Intensity anomalies in the KQ Puppis spectrum are discussed in Muratorio et al. (1992), e.g. the strong emission lines a6S - x6P (UV 191), - (5D)5p (2506.8 Å) and - (b3F)4p (2508.3 Å). Dielectronic recombination is proposed to enhance UV 191, whereas H Ly pumping generates strong fluorescence in the latter two transitions. We support the latter proposal, but not the former. Dielectronic recombination has earlier been suggested as a possible explanation for the enhancement of UV 191 (Johansson & Hansen 1988), but this is mainly to be considered for cool giants where there is no continuum radiation in the UV 9 channel. Dielectronic recombination is the inverse of autoionization, and requires in this case an adequate abundance of Fe ions and suitable autoionizing states of Fe II. Some Fe III 4s - 4p transitions are present in the spectrum as broad absorption features with a shift of about 0.5 Å compared to the sharp features of Fe II, but the main part of the Fe III opacity is below the IUE limit (Johansson & Cowley 1988). The actual abundance of Fe ions in the region where Fe II emission lines are formed is thereby difficult to estimate. Two autoionizing terms recombining to x6P, with transitions around 1730 Å and 1890 Å respectively, are theoretically predicted by Johansson & Hansen (1988). The calculated wavelength from a theoretical prediction is uncertain, but recombination lines would have to appear somewhere when dielectronic recombination is an active process. However, there are no candidates in the investigated part of the KQ Puppis spectrum. For these reasons we do not support the scheme of dielectronic recombination as the population process for x6P, but rather PCR through UV 9 as is also proposed by Che & Reimers (1983)
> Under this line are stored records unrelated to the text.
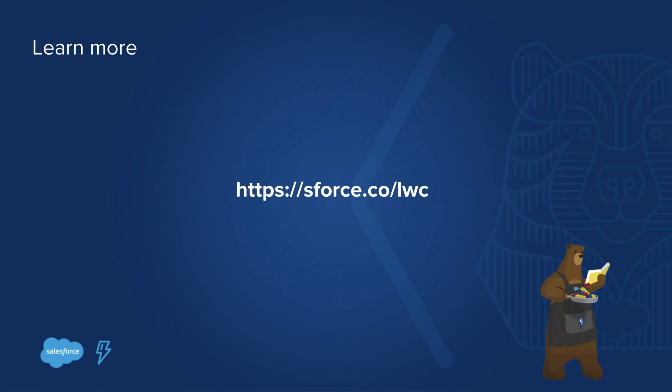If you want to learn more, we have a trail mix for you. On sforce.co/lwc, we link to plenty of resources like blogs, videos, as well as documentation to get started with Lightning Web Components and more.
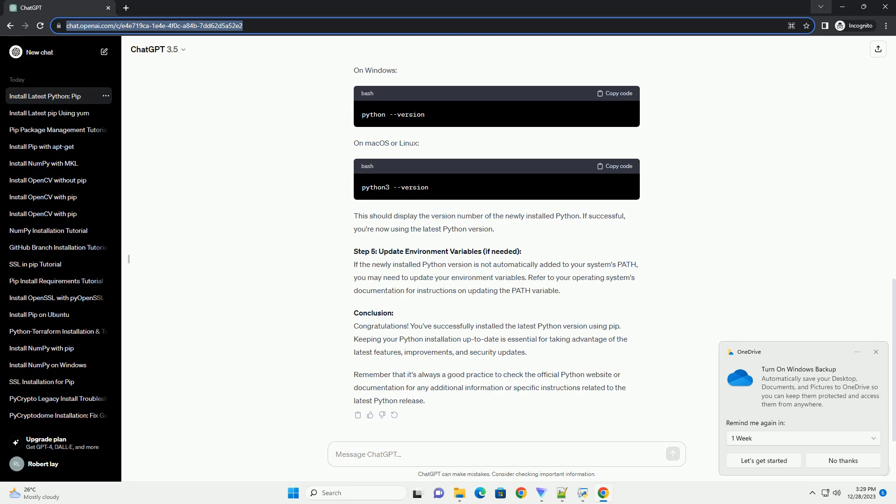Step 3: Install the Latest Python Version. Now, use PIP to install the latest version of Python. Run the following command. This command tells PIP to fetch the latest Python package and upgrade your current Python installation.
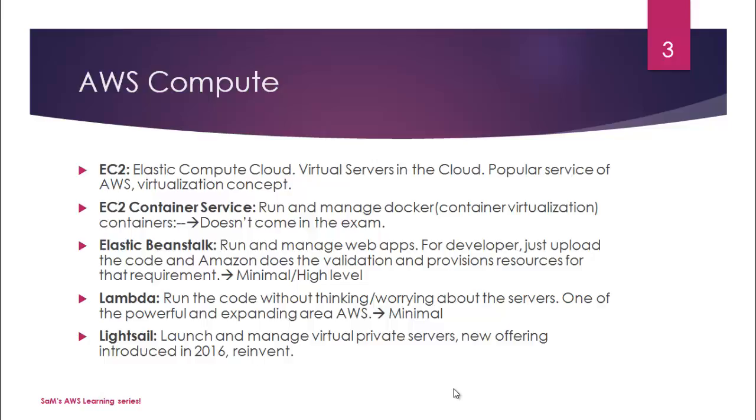Then we have something called Lambda. It's another wonderful—that's what I would say—it is a huge and trend-setting offering from AWS. This helps you run the code without thinking or without worrying about the underlying servers and infrastructure. You don't need to think about the underlying servers or anything, just worry about the code, get it done, and submit it to AWS.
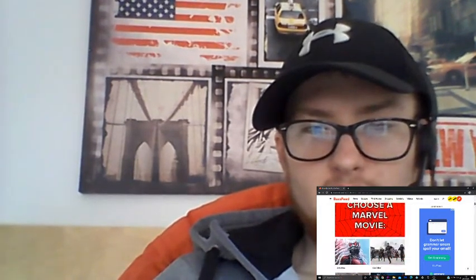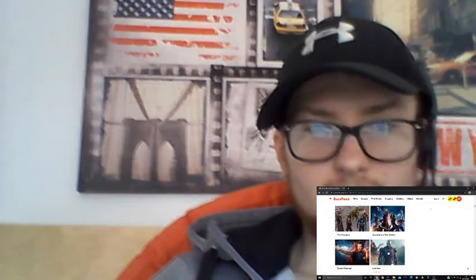Choose a Marvel movie. Ant-Man, Civil War, The Avengers, Guardians of the Galaxy Volume 1, Doctor Strange, Iron Man 1. Let's just go with The Avengers. Probably one of my favourite MCU movies, along with Guardians of the Galaxy Volume 1.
Che & Reimers (1983) observe emission in UV multiplets 60, 78, 191, 363, 373, 391, 399. They also claim to observe emission in UV multiplets 375 and 384 but that has not been verified in our work. The upper term in UV 375 (e6F) belongs to the 3d6(5D)4d subconfiguration (Johansson 1988) and we do not observe any lines in the 3d6(5D)4p - 3d6(5D)4d super multiplet. Only transitions in the 3d6(5D)4p - 3d6(5D)5s super multiplet are observed. The PCR process populating the 5p levels leads to a selective population of the 3d6(5D)5s subconfiguration.
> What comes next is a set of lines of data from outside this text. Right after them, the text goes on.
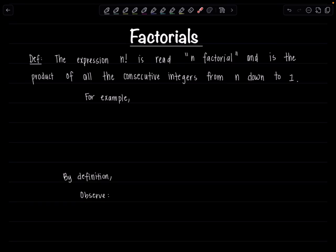Welcome to Math with Professor V. In this video we're going to learn about factorials, what are they and how to simplify expressions involving factorials.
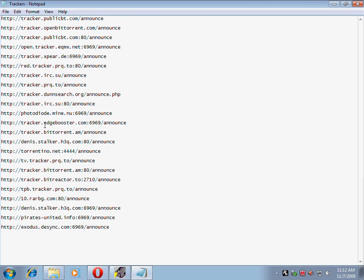These are the trackers which are alive all the time. These give us the best download speed as well as upload speed. You just have to add these trackers into your torrents to get the best speed out of your torrent.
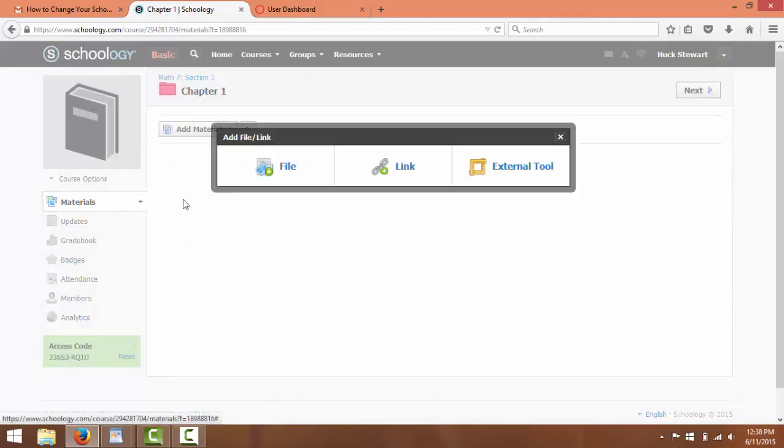There's three options here. If we needed to provide a link, we could right here. This could be a video. This could be a website. We're going to click on the one that says File.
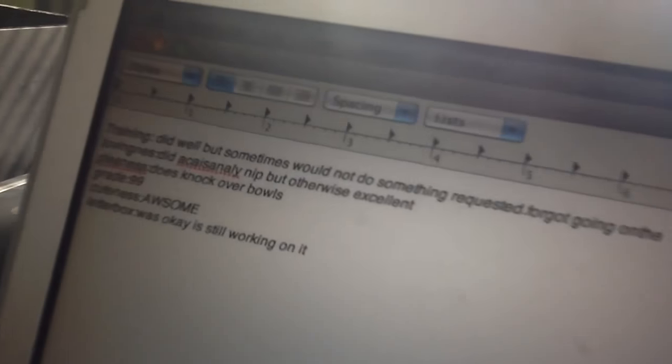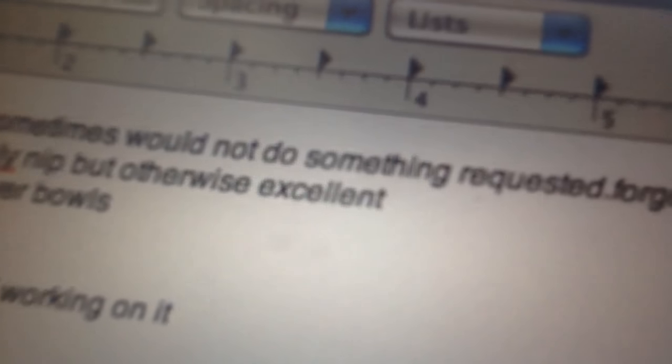I'm sorry that's not clear. But it says training: did well, but sometimes would not do something requested. She sometimes did not do something requested with training.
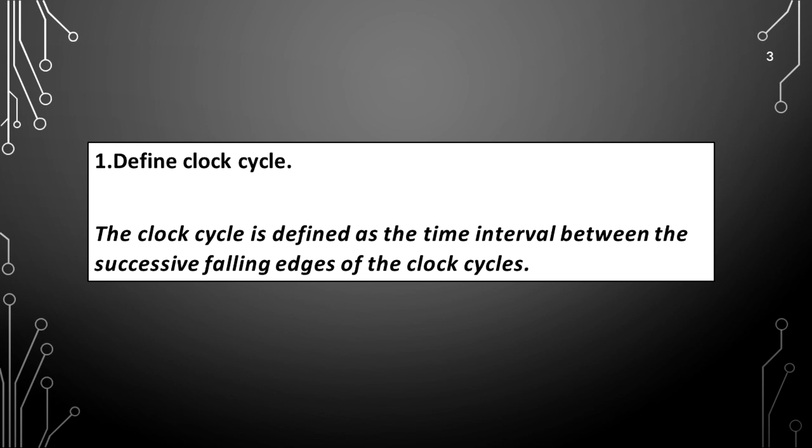Define clock cycle. The clock cycle is defined as the time interval between the successive falling edges of the clock cycles.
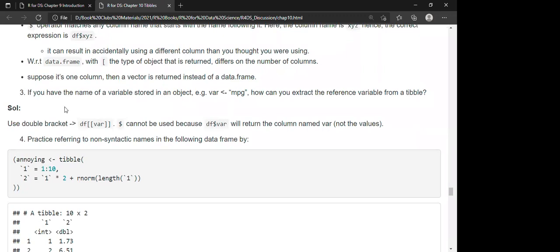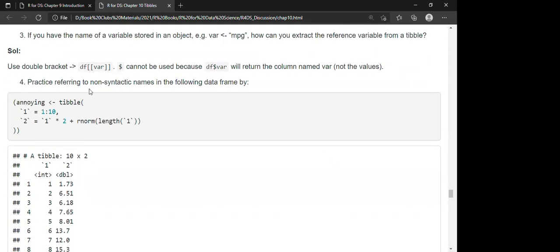Question 3: If you have a variable name stored in an object, e.g., `var <- 'mpg'`, how can you extract that reference variable from a tibble? You cannot use `df$var` because that will look for a column literally named 'var' rather than using the value stored in var. Instead, you must use double brackets: `df[[var]]`.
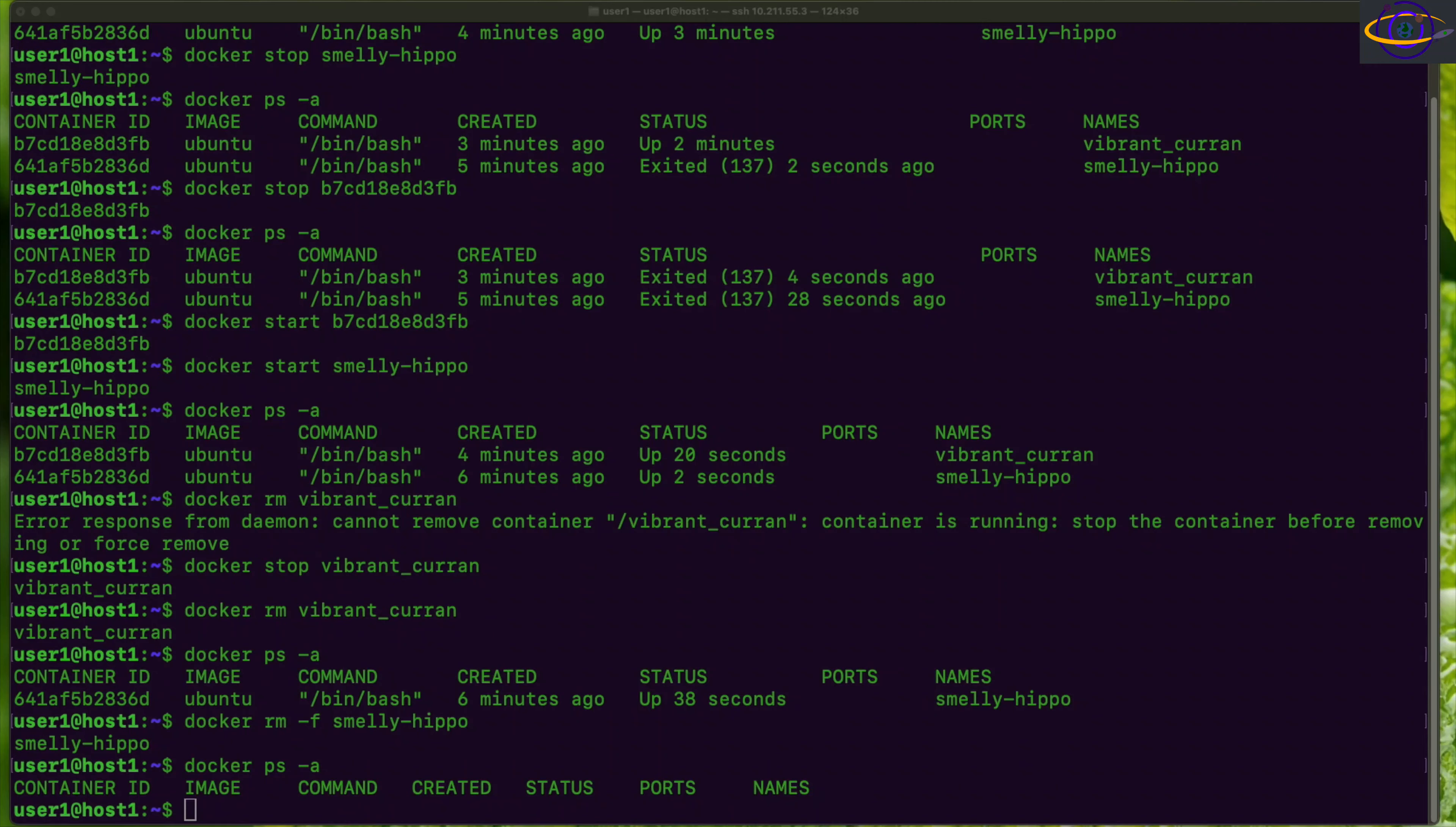Hey guys, so today we're going to show you how to enable experimental features in Docker.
In UV 384, as defined by Moore (1952), the upper term (e6P) has been found to be spurious and a new identification was given by Johansson (1978). The lines from this new 6P term are not present in the IUE spectra. The paper by Che & Reimers (1983) also discusses the Fe II level population mechanism in the stellar system and propose that the systematic variation in line-profile (absorption - P-Cygni - emission) with excitation energy suggests recombination followed by cascading. They also point out the importance of the relative oscillator strengths of the different channels from a populated level. We agree in general with Che & Reimers (1983). However, we suggest, as discussed above, that all levels giving rise to emission lines are populated through photoexcitation, PCR and PAR, and that recombination is not necessary for the explanation of Fe II emission lines in KQ Puppis.